This being Nambucca in North London, it was only fair for them Cowboys to perform their weirdly chaotic and oddly distorted ‘South London Thing’. They did just that while throwing in some fun antics and tuned-in/tuned-out interaction. In particular Nigel Mogg wiggled from one side of the stage to the other, working his bass to perfection and looking like a mischievous rock ‘n’ roll incarnation of Mr. Scratch in ‘The Devil & Daniel Webster’. Mind you, this being a rather small stage, there wasn’t much to wiggle about.

‘Ain't That Somethin' turned out to be something very cool indeed. Great guitar and bass licks, heartfelt singing and simply a blistering tune – old school blues ‘n’ roll of the finest cut, interspersed with some ace guitar solos. Yea-ah!
I said it before and I say it again (and sure it wasn’t the last time): I’m a total sucker for ‘Crackhouse Blues’ – my favourite Peckham Cowboys number to this day! To my delight, the band performed it seedier and more blues-orientated than ever. You really could imagine yourself transported into some dingy hellhole somewhere in the Deep South, dabbling in voodoo and other dangers. Darrell Bath’s slide guitar playing was utterly formidable and so beautiful in fact, I almost cried tears of joy watching him doing his thing. And then there was Eden’s harmonica in between his singing, though I call it raw emotion. Sooo very godam orgasmic, easily the highlight of the set!
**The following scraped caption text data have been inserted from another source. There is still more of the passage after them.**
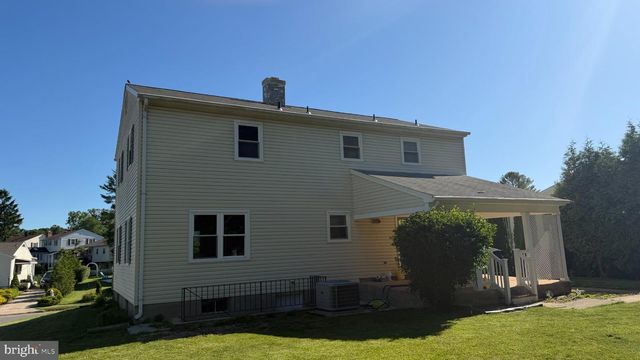 6409 CLIFTON FORGE CIR, Catonsville, MD 21228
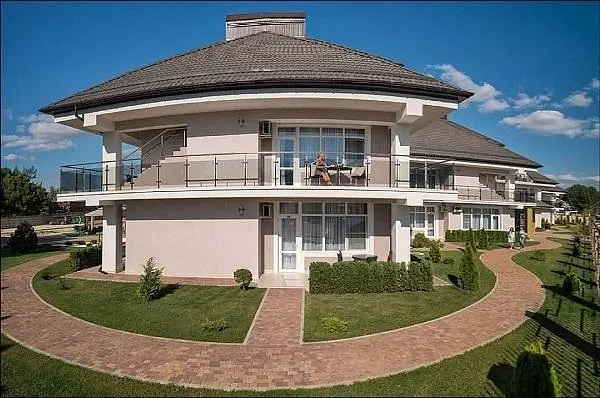 Внешний вид корпуса | Villaggio, Краснодарский край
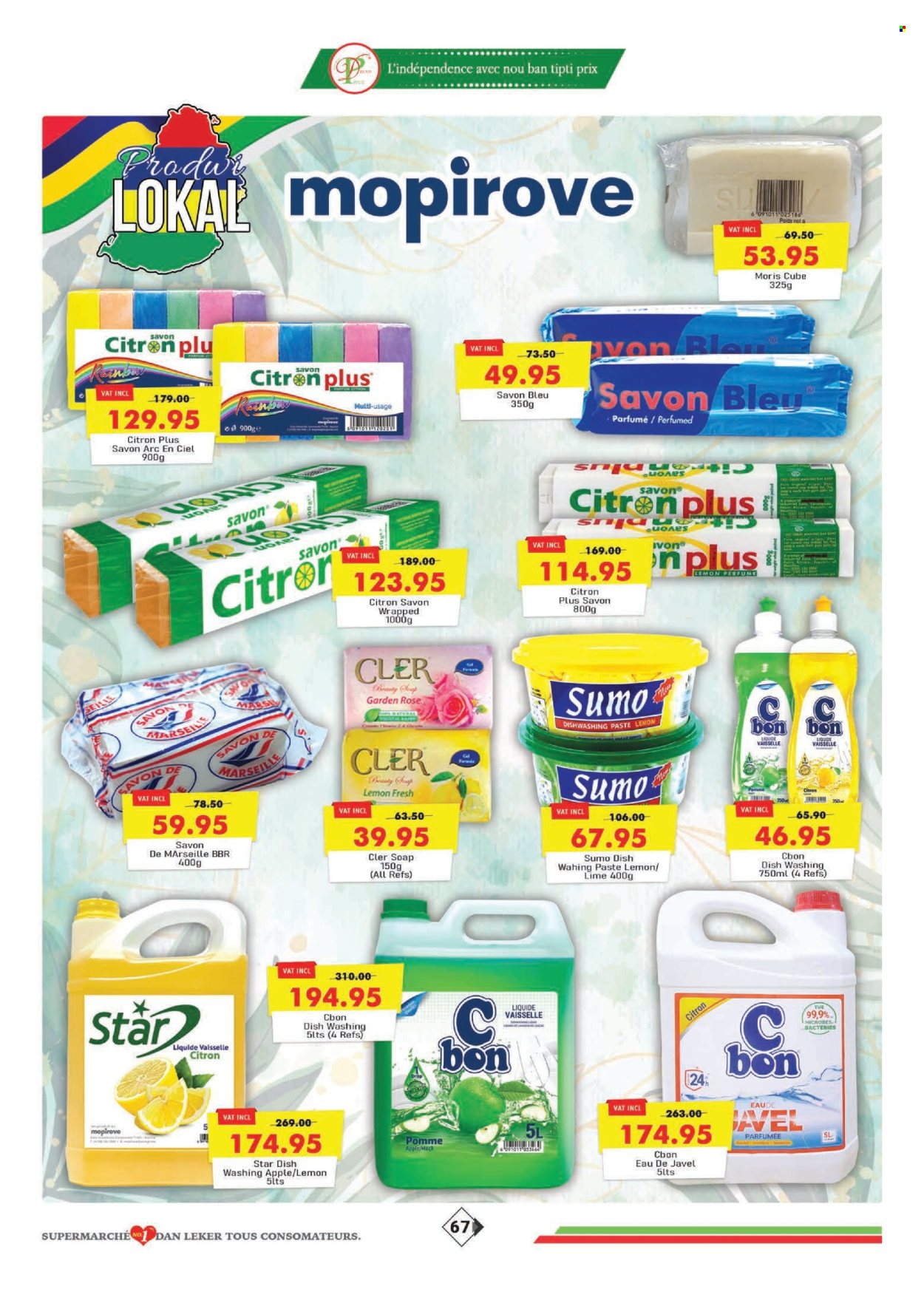 Dreamprice catalogue - 19.02.2026 - 15.03.2026. Page 67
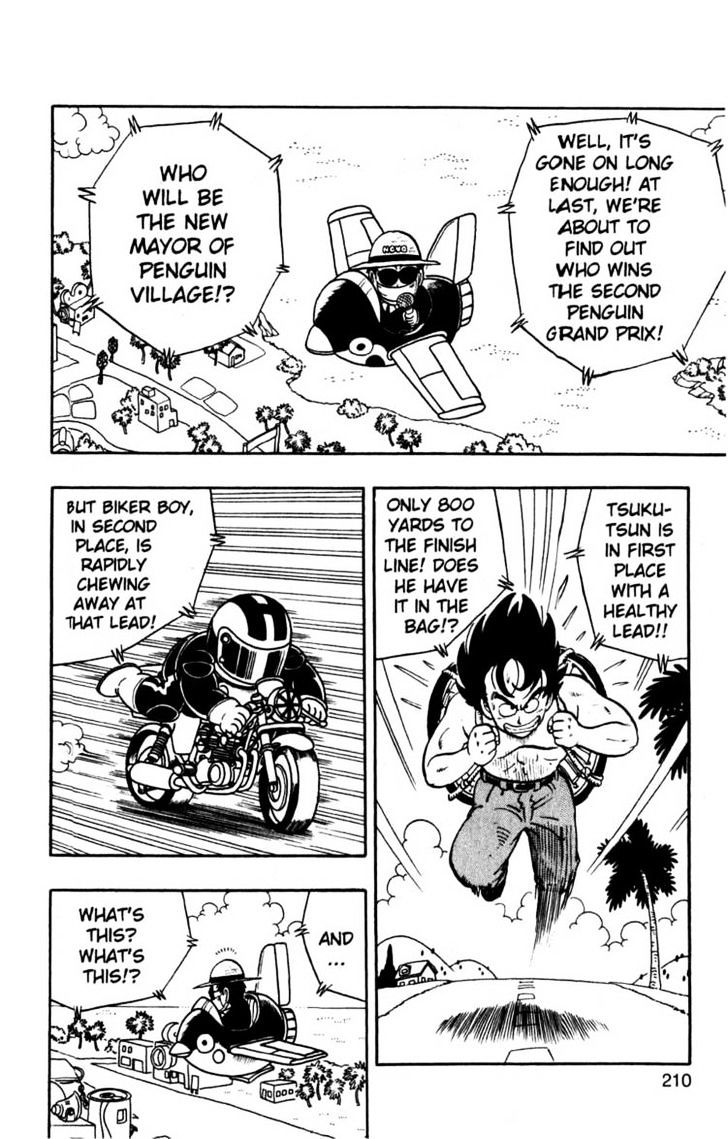 Dr. Slump - Vol.18 Chapter 15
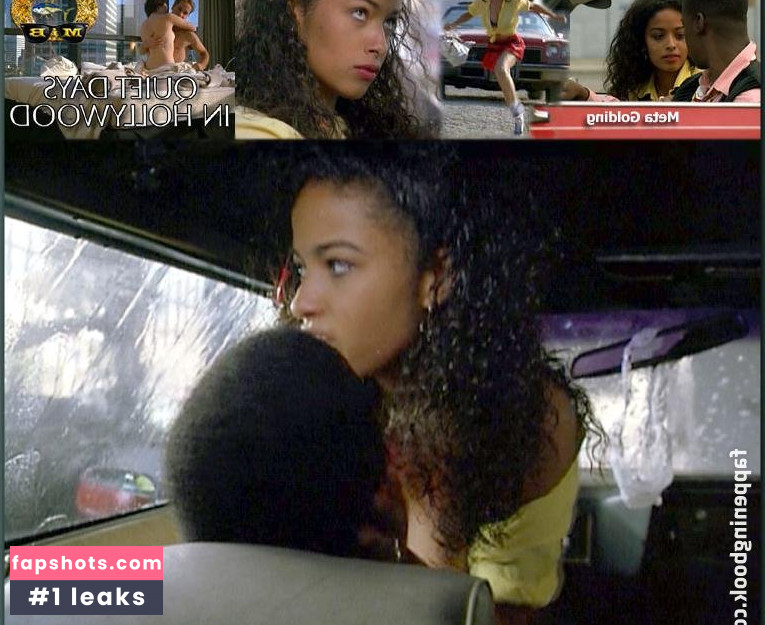 Meta Golding gallery photo #3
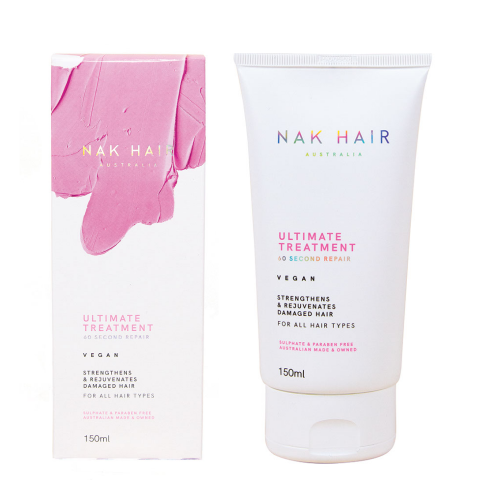 NAK Ultimate Treatment - 60 Second Repair 150 ml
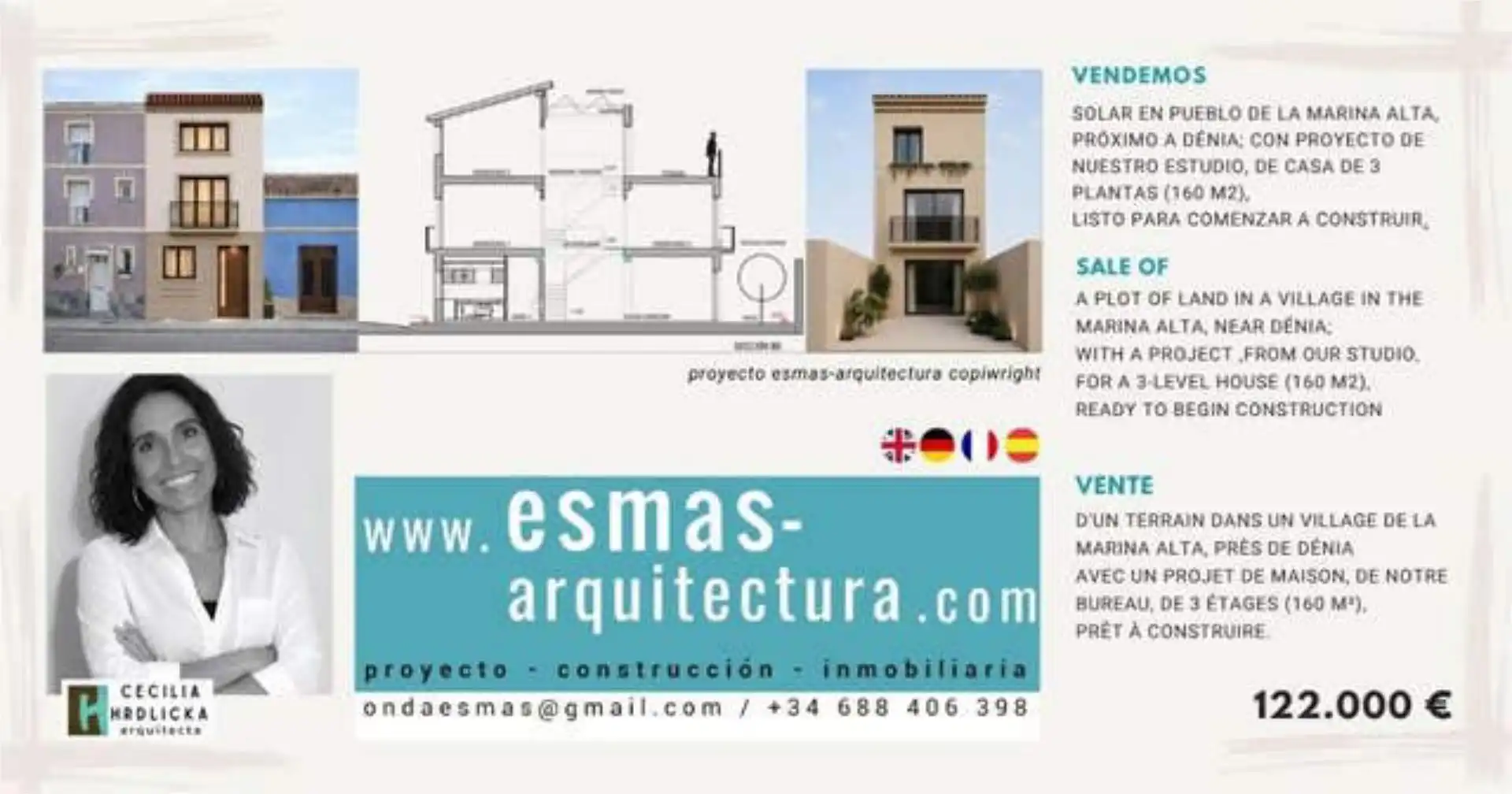 Houses for sale in Ondara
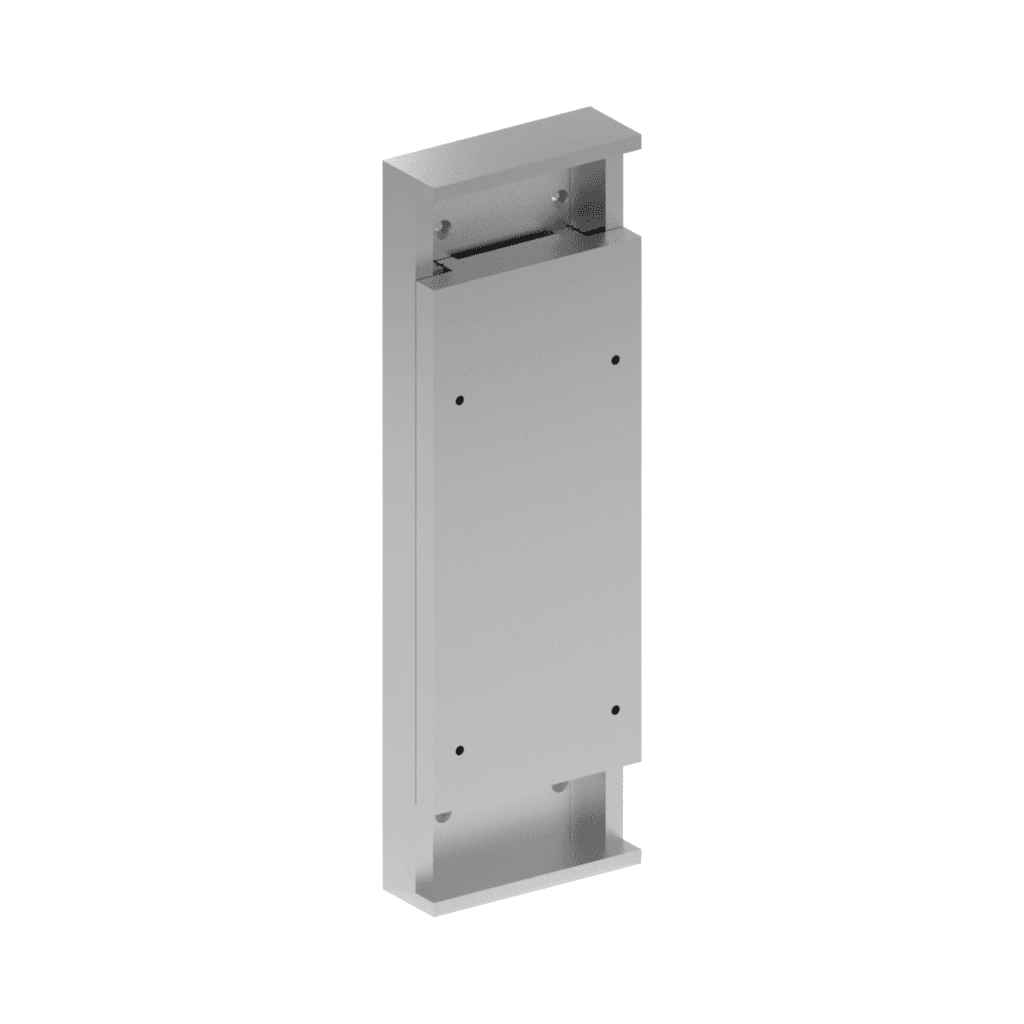 Standard Crossed Roller Type P Model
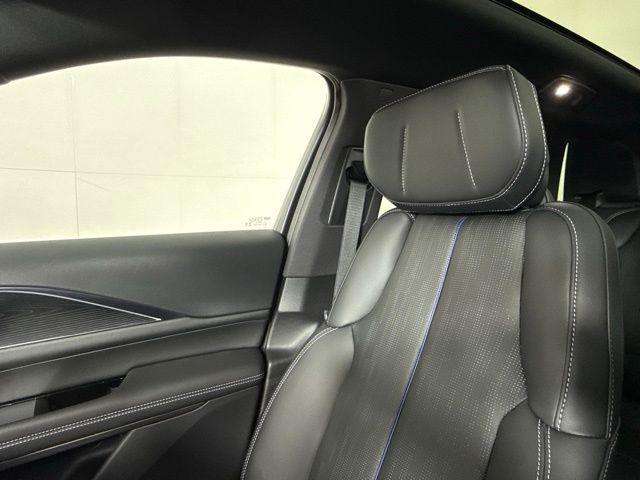 new 2026 Cadillac LYRIQ car, priced at $62,520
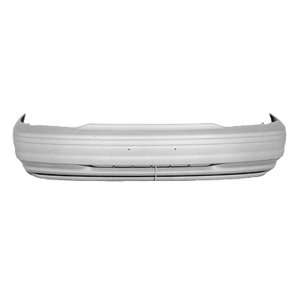 1992 - 1996 Ford Escort Front Bumper Cover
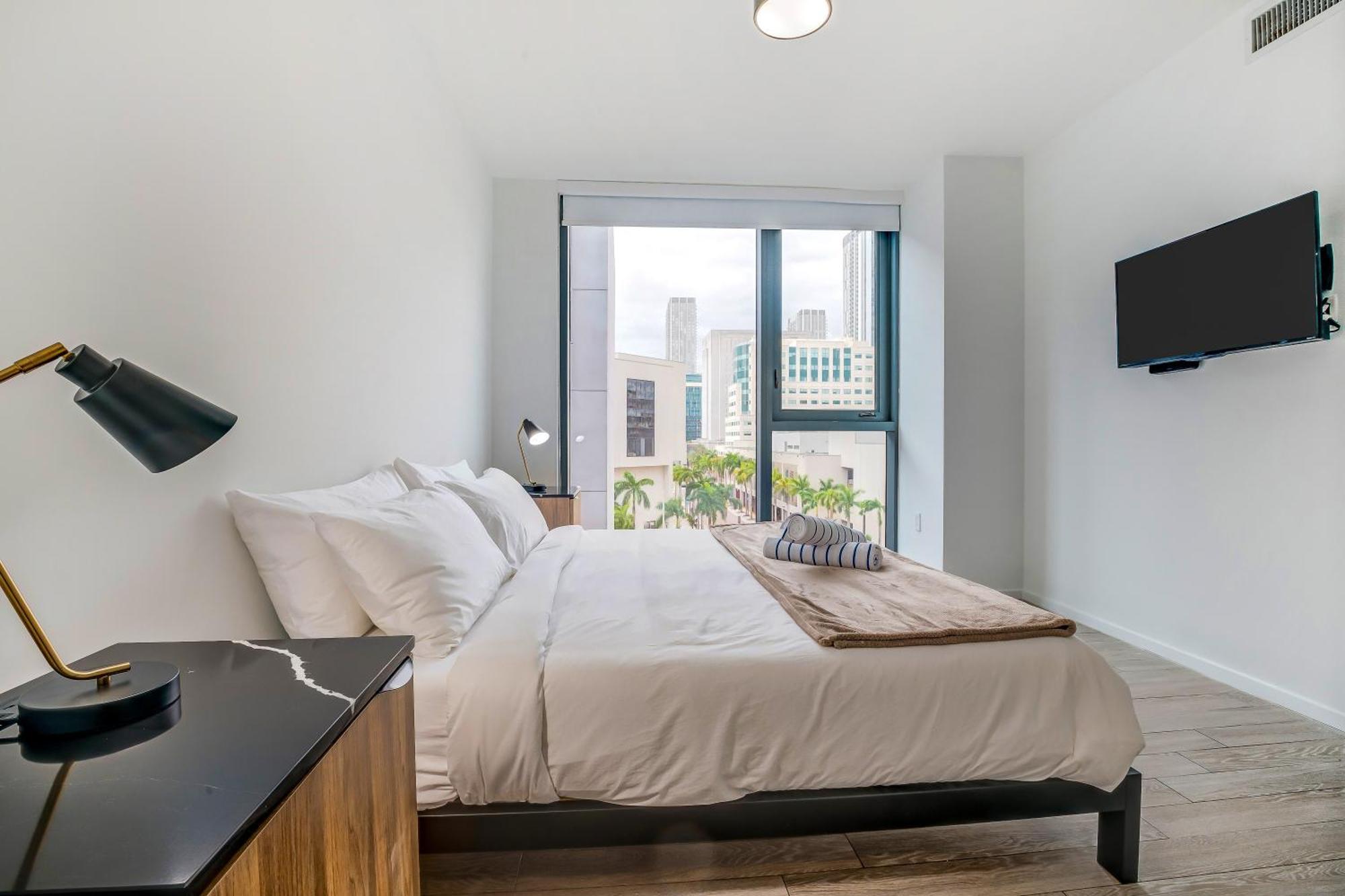 Sentral Alea Miami Aparthotel Rom bilde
During ‘Painkillers’, the entire bunch played not only for the audience but seemingly for each other and at each other. Eden partly slurring and speaking the lyrics, to nice effect, broke up the fast pace and upbeat rhythm of the song.

Duncan Mackay had ample opportunity to show off his boogie-woogie piano skills during ‘Rock n Roll Star’, while crooner Eden expressed that the song’s title kinda refers to glam rock star Marc Bolan. Mr. Eden, you got taste! All the while and during Mackay’s piano spiel, the Peckham frontman danced the Bolan Boogie combined with his very own honky-tonk steps. No crisis of confidence whatsoever, and so it should be.

The final song of the night turned out to be the Stooges cover ‘I Wanna Be Your Dog’ and naturally, the vibe shifted from blues-sleaze to downright durrty and gritty, not to mention hardcore. It all seemed to go on forever as well, with Eden growling like a dog, then turning toward MacCormick and demanding “Give it to me, c’mon on, give it to me!” Hitting away like possessed, the drummer boy readily obliged. Upping the frenzy, punters (including yours truly) were pulled onto stage to join in and sing and dance (or let their pants down!), and for the roaring climax, Nigel Mogg decided to fall into the drum kit, thus bring an end to the mayhem.

“Come and see us again, and spread the word”, shouted Marc Eden swiftly, before pointing out copies of the band’s excellent album ‘Flog It!’ were on sale in the foyer.
I, for one, can’t wait to come and see the band again – the sooner the better!